__Action item__.
Repeat each line of the material below exactly as it appears, minus any pictures.

__Exercise data__.

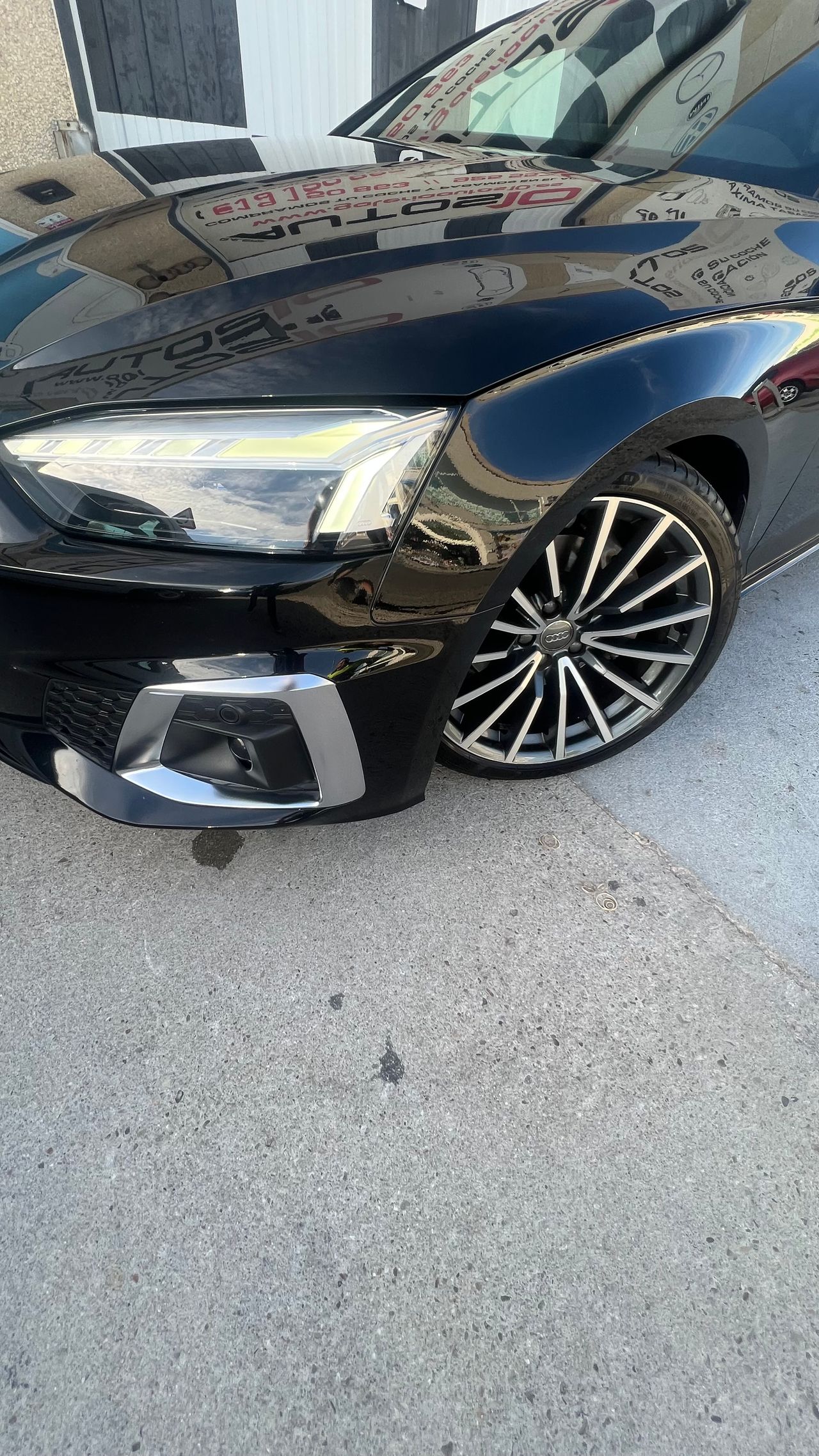 Audi A5 190cv s line full - Foto 3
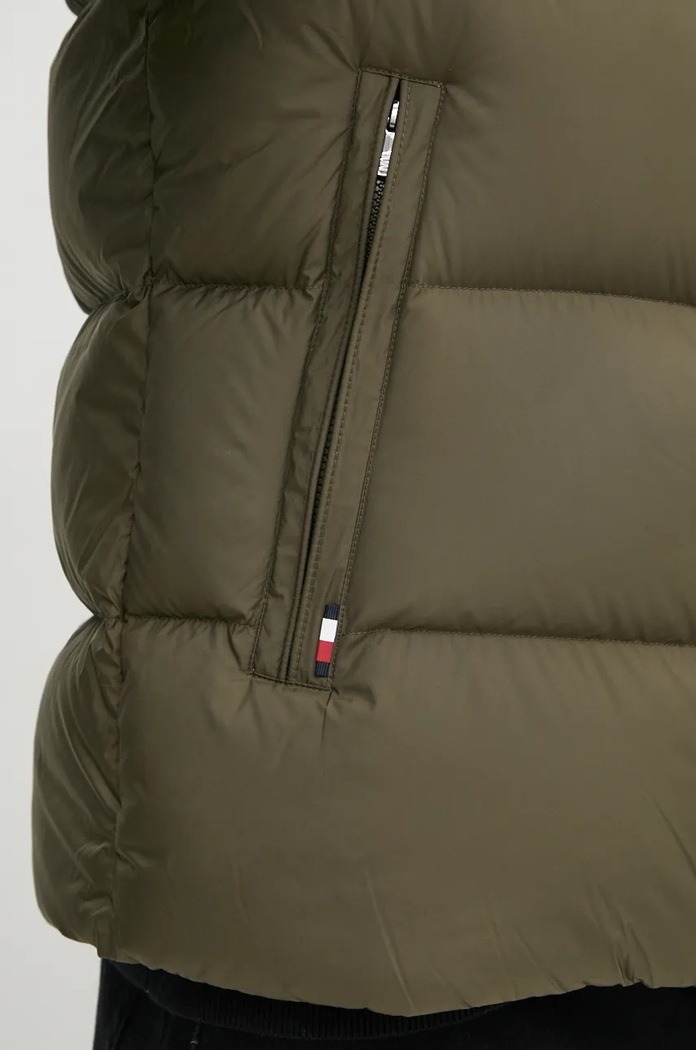 Páperová bunda Tommy Hilfiger MW0MW36569 zelená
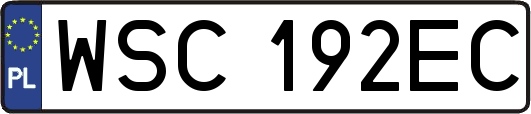 WSC192EC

__Result of this exercise__.
 Audi A5 190cv s line full - Foto 3
 Páperová bunda Tommy Hilfiger MW0MW36569 zelená
 WSC192EC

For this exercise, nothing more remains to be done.